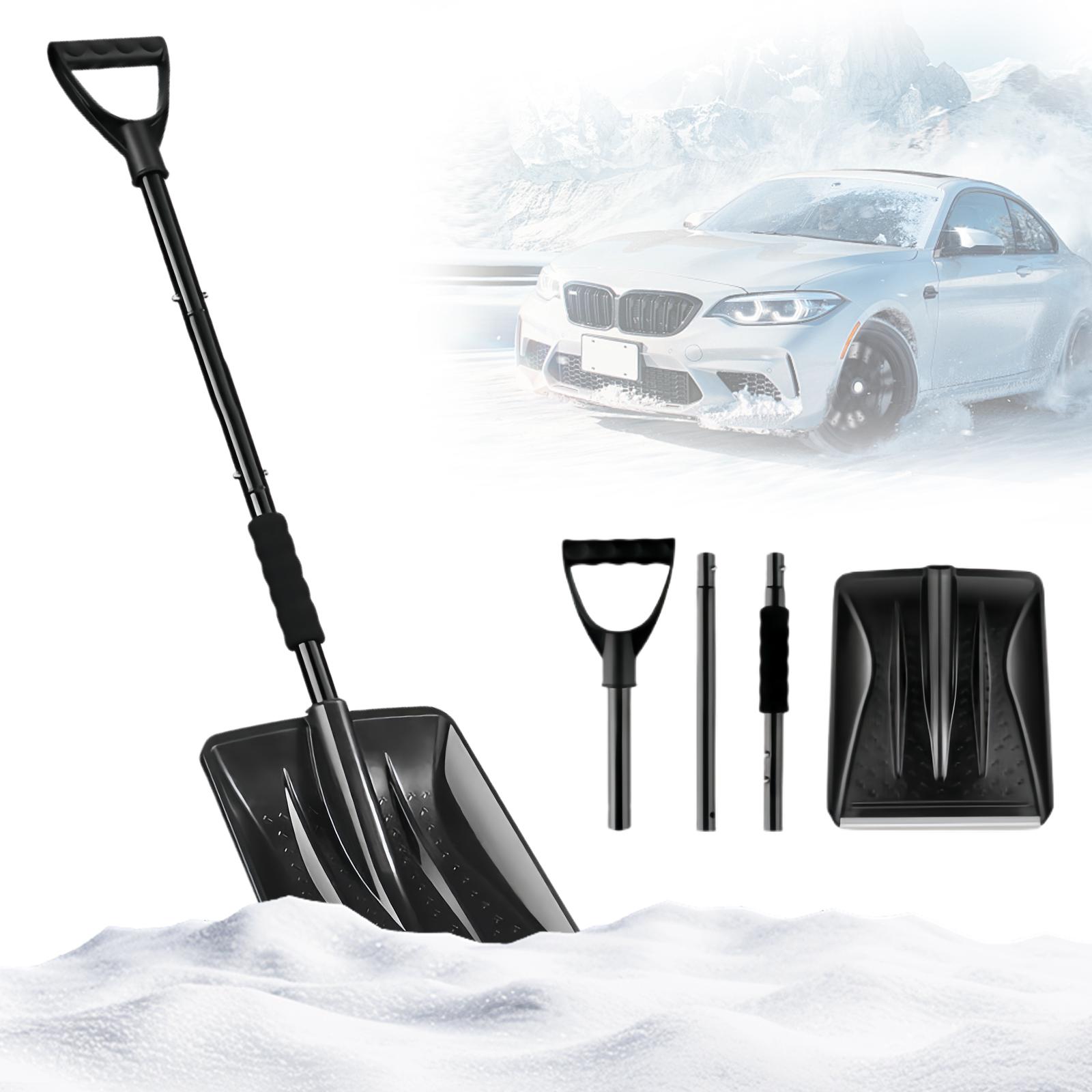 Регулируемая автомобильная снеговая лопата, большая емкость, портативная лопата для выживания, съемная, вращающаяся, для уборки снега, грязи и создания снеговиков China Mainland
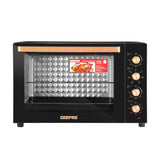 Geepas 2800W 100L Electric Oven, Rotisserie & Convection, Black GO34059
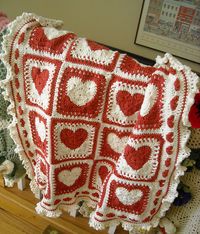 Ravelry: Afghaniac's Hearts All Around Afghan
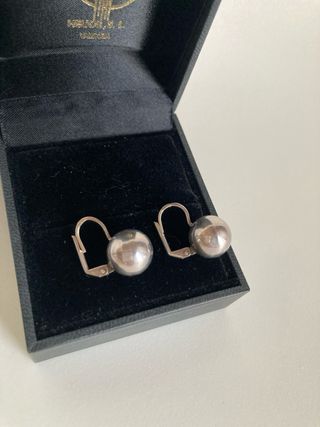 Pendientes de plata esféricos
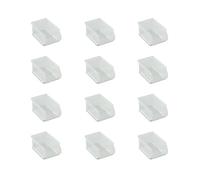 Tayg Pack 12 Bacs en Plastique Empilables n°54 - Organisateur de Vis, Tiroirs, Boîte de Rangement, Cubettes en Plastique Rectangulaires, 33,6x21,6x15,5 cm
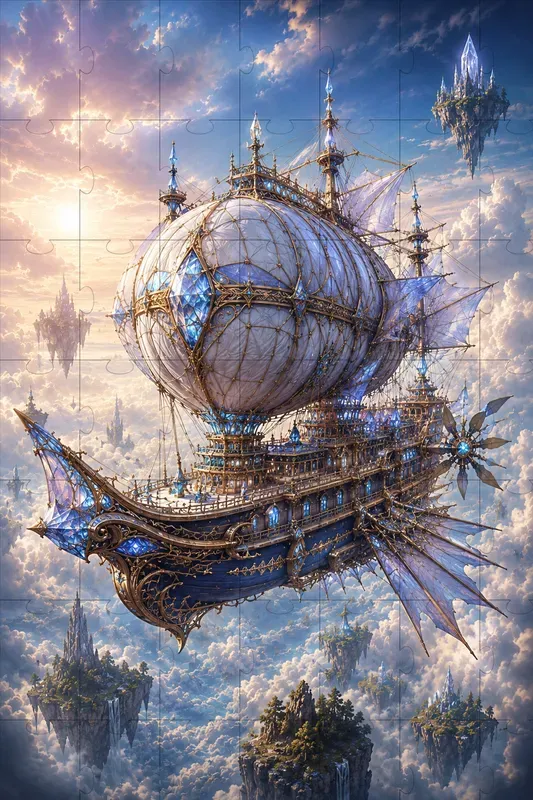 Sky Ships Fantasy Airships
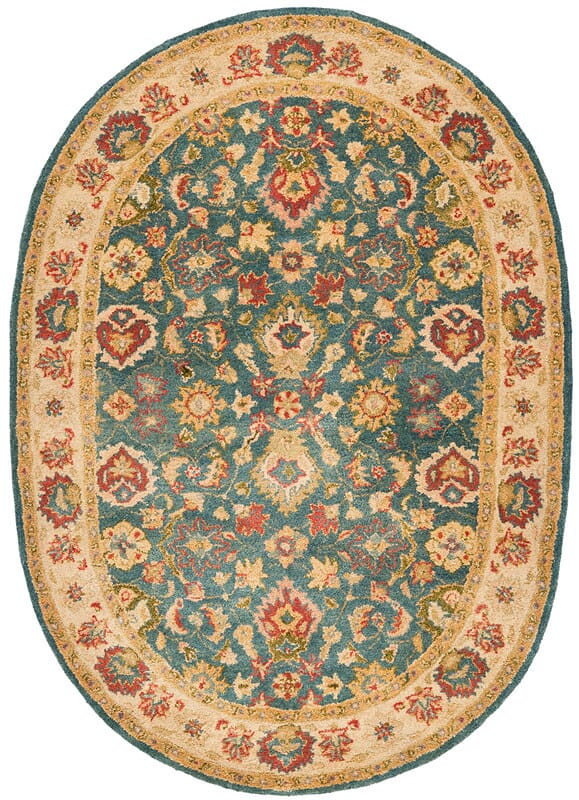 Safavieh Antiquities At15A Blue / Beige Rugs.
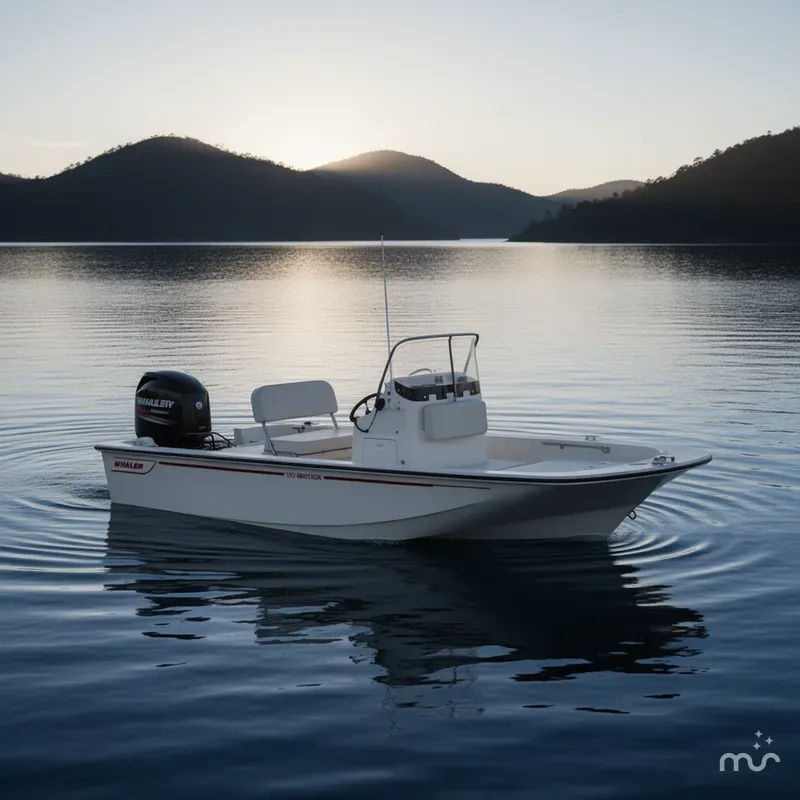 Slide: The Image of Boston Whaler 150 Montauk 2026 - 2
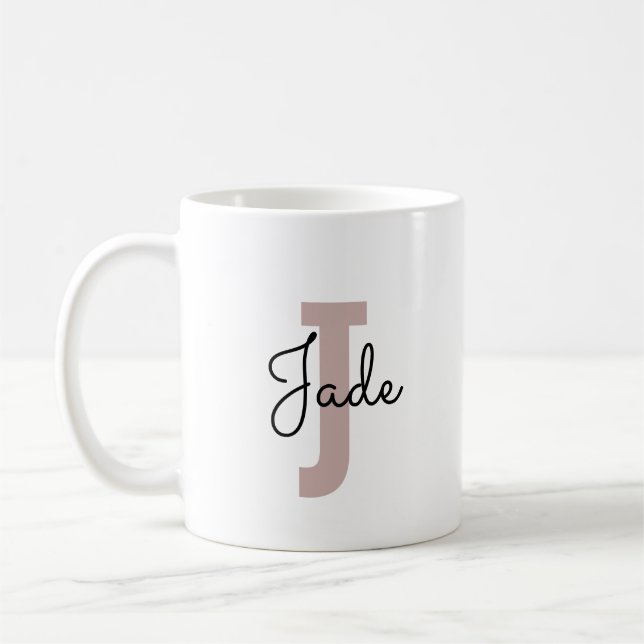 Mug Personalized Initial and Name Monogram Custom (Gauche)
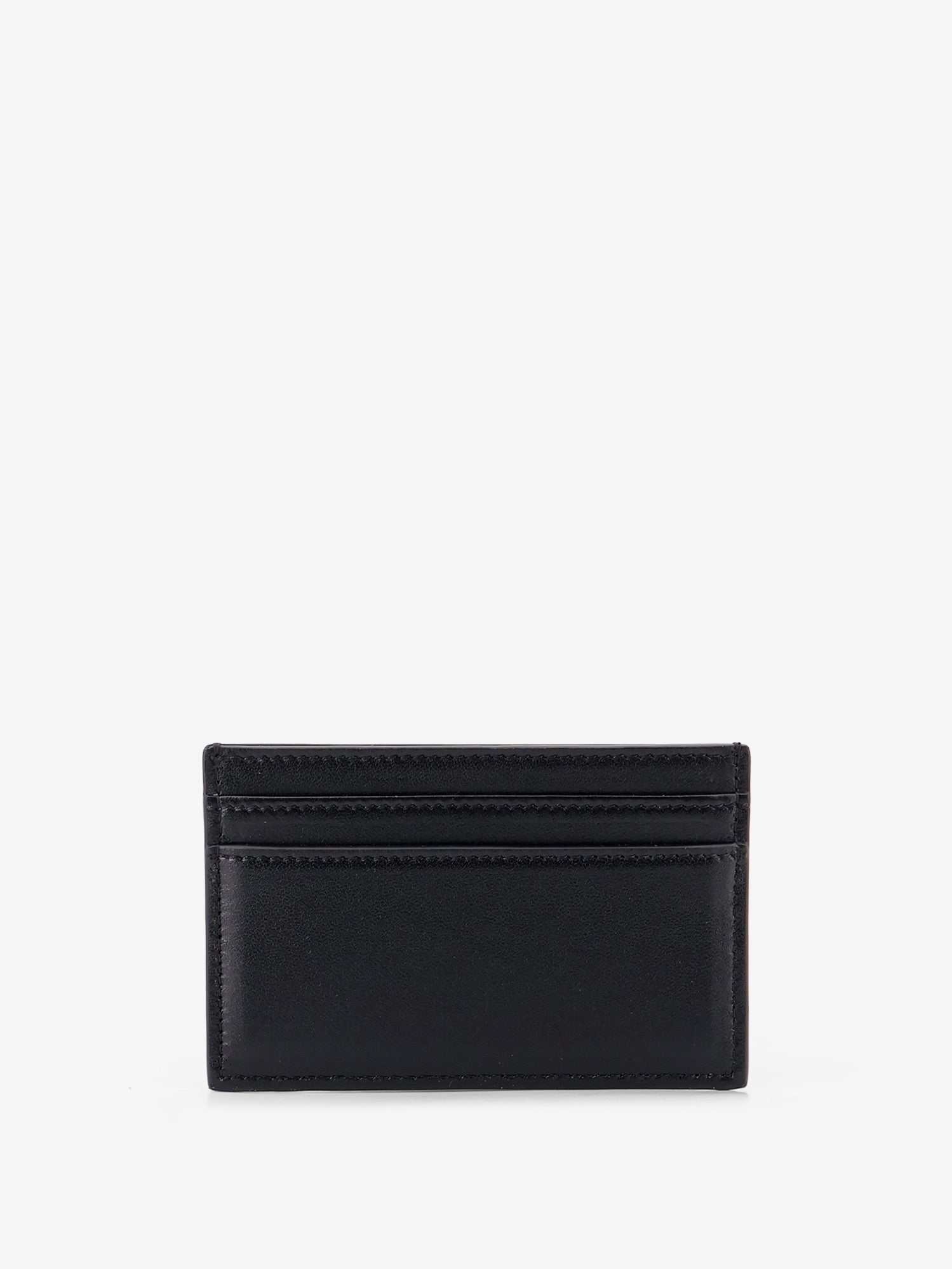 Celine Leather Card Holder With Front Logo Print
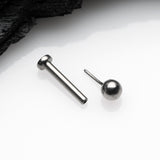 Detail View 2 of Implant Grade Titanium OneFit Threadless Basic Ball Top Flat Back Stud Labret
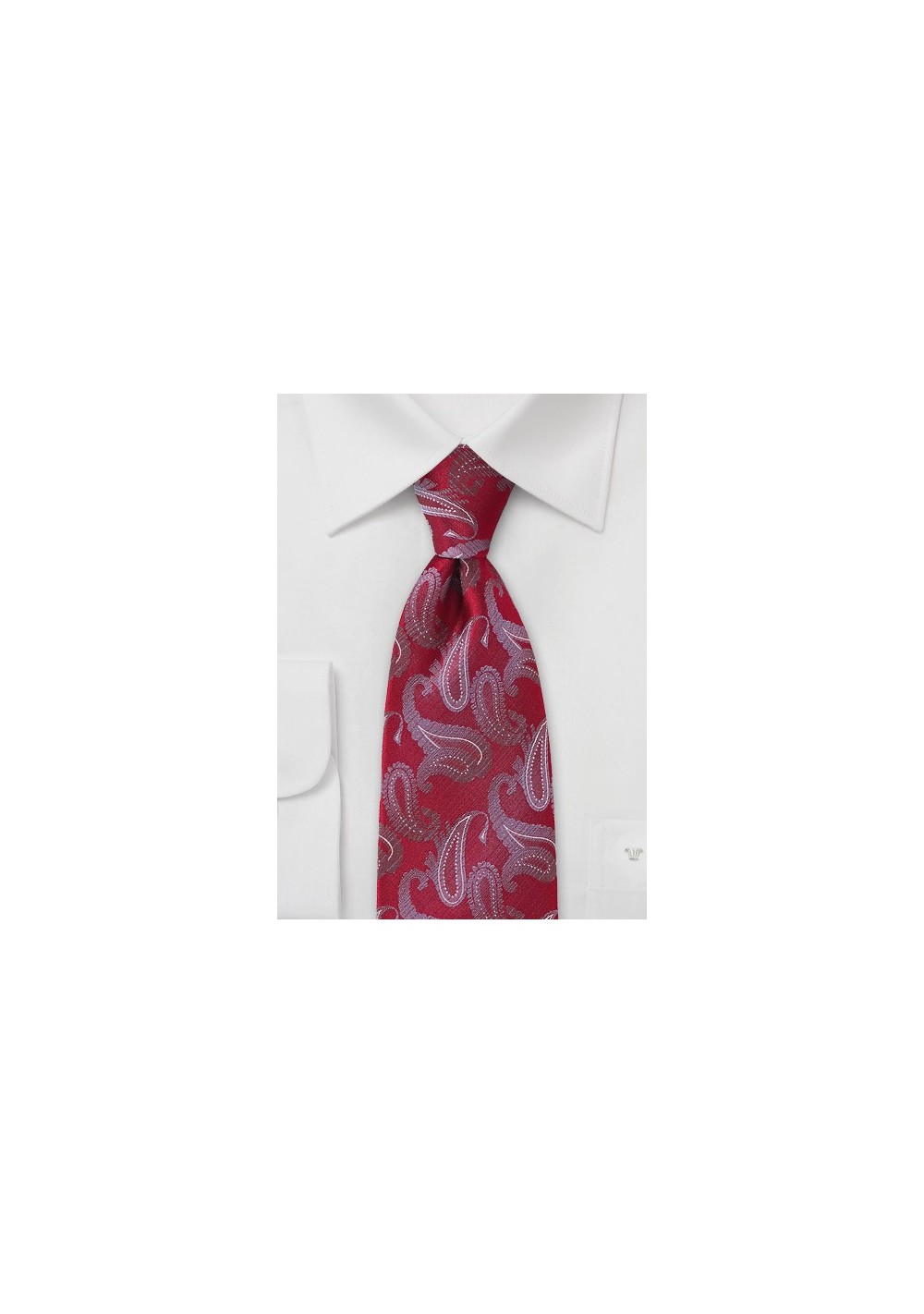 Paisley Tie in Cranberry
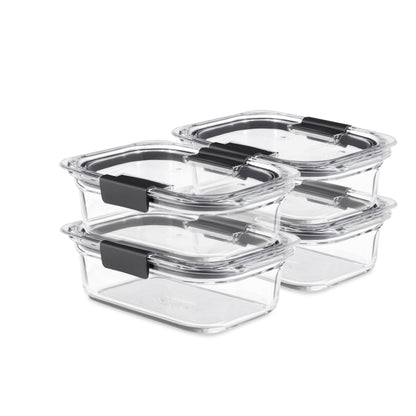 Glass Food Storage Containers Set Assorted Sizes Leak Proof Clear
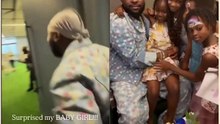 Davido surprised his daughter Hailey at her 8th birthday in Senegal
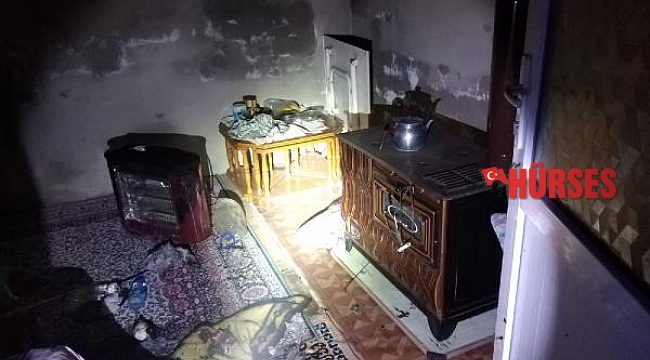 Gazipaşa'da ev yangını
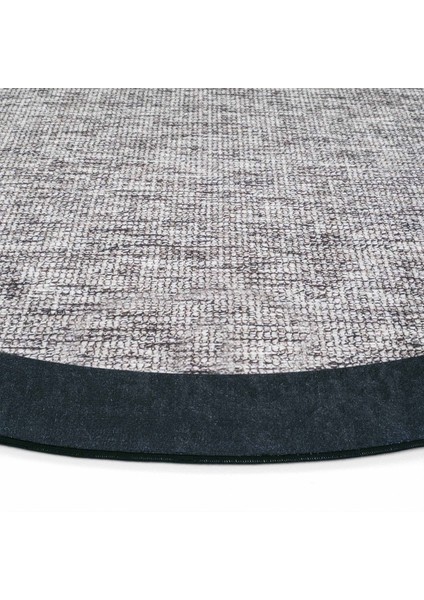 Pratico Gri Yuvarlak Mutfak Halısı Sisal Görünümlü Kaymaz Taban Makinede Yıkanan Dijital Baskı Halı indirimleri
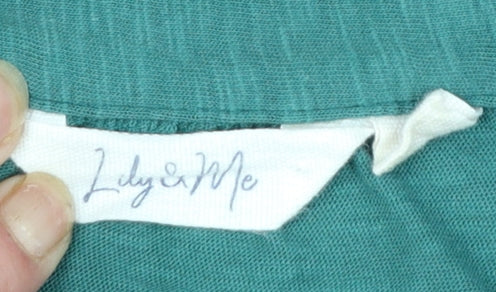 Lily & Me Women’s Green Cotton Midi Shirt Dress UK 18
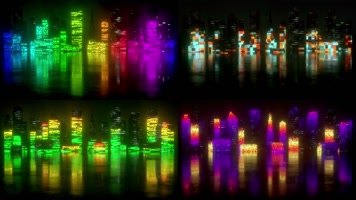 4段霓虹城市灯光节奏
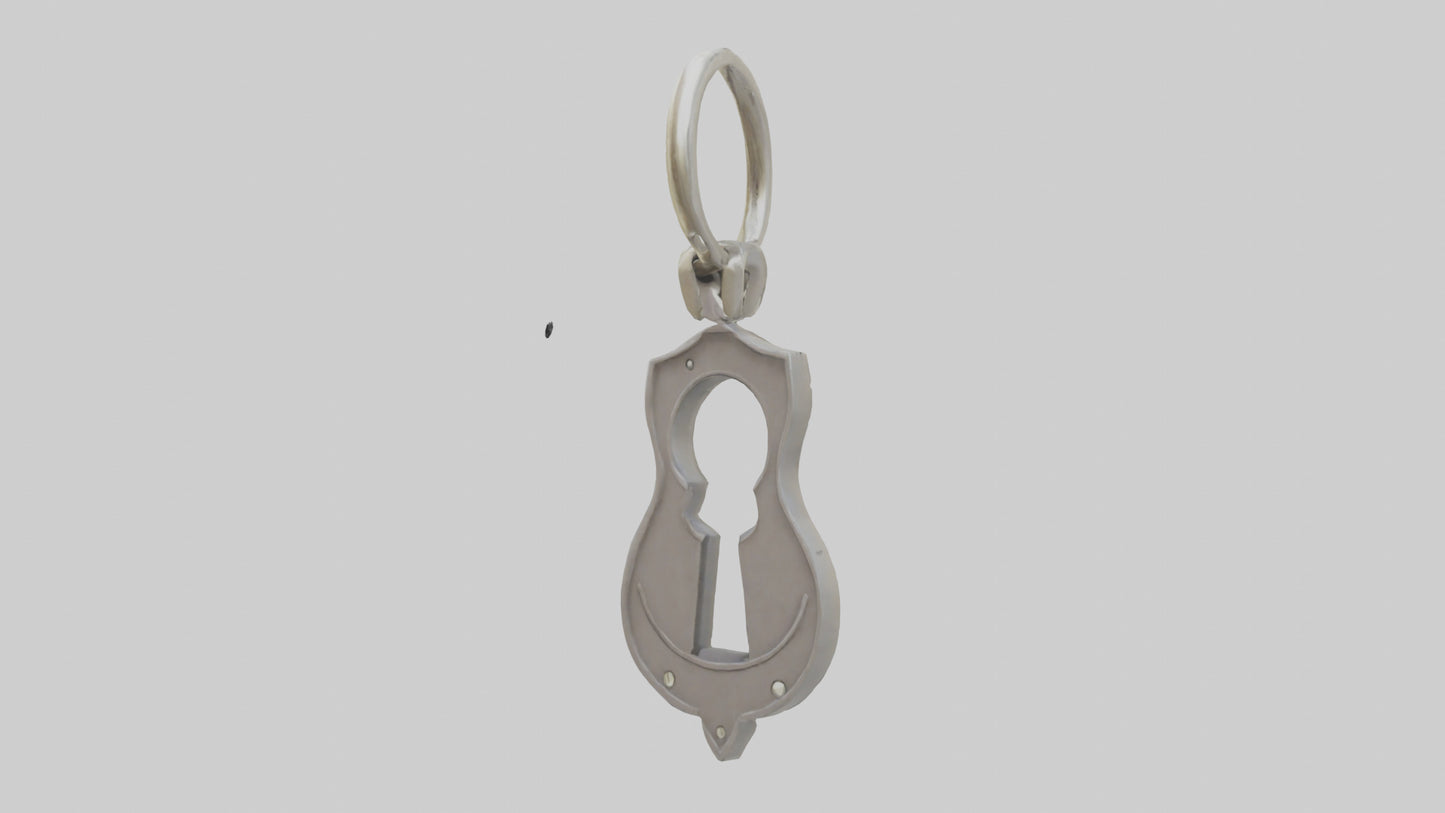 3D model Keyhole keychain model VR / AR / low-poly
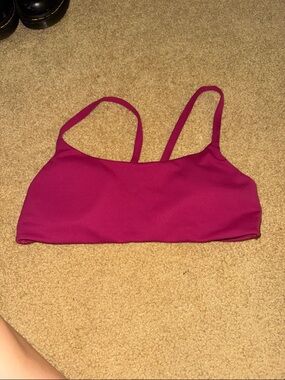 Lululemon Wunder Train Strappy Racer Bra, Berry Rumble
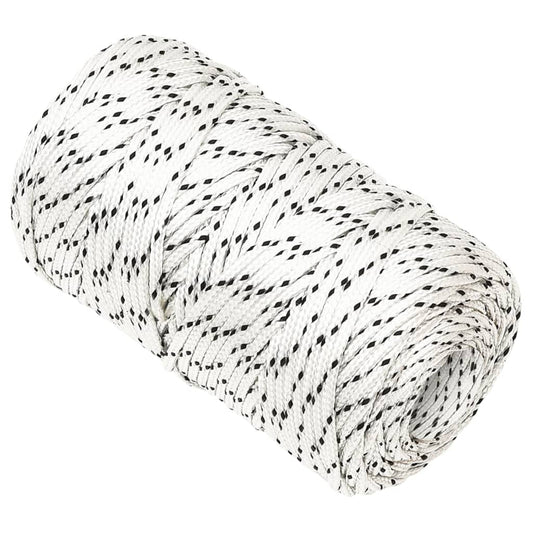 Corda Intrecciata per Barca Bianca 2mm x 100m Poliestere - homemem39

________________________________________

- Your goal -
Transcribe every entry exactly, leaving out the pictures.

- Exercise output -
 Регулируемая автомобильная снеговая лопата, большая емкость, портативная лопата для выживания, съемная, вращающаяся, для уборки снега, грязи и создания снеговиков China Mainland
 Geepas 2800W 100L Electric Oven, Rotisserie & Convection, Black GO34059
 Ravelry: Afghaniac's Hearts All Around Afghan
 Pendientes de plata esféricos
 Tayg Pack 12 Bacs en Plastique Empilables n°54 - Organisateur de Vis, Tiroirs, Boîte de Rangement, Cubettes en Plastique Rectangulaires, 33,6x21,6x15,5 cm
 Sky Ships Fantasy Airships
 Safavieh Antiquities At15A Blue / Beige Rugs.
 Slide: The Image of Boston Whaler 150 Montauk 2026 - 2
 Mug Personalized Initial and Name Monogram Custom (Gauche)
 Celine Leather Card Holder With Front Logo Print
 Detail View 2 of Implant Grade Titanium OneFit Threadless Basic Ball Top Flat Back Stud Labret
 Paisley Tie in Cranberry
 Glass Food Storage Containers Set Assorted Sizes Leak Proof Clear
 Davido surprised his daughter Hailey at her 8th birthday in Senegal
 Gazipaşa'da ev yangını
 Pratico Gri Yuvarlak Mutfak Halısı Sisal Görünümlü Kaymaz Taban Makinede Yıkanan Dijital Baskı Halı indirimleri
 Lily & Me Women’s Green Cotton Midi Shirt Dress UK 18
 4段霓虹城市灯光节奏
 3D model Keyhole keychain model VR / AR / low-poly
 Lululemon Wunder Train Strappy Racer Bra, Berry Rumble
 Corda Intrecciata per Barca Bianca 2mm x 100m Poliestere - homemem39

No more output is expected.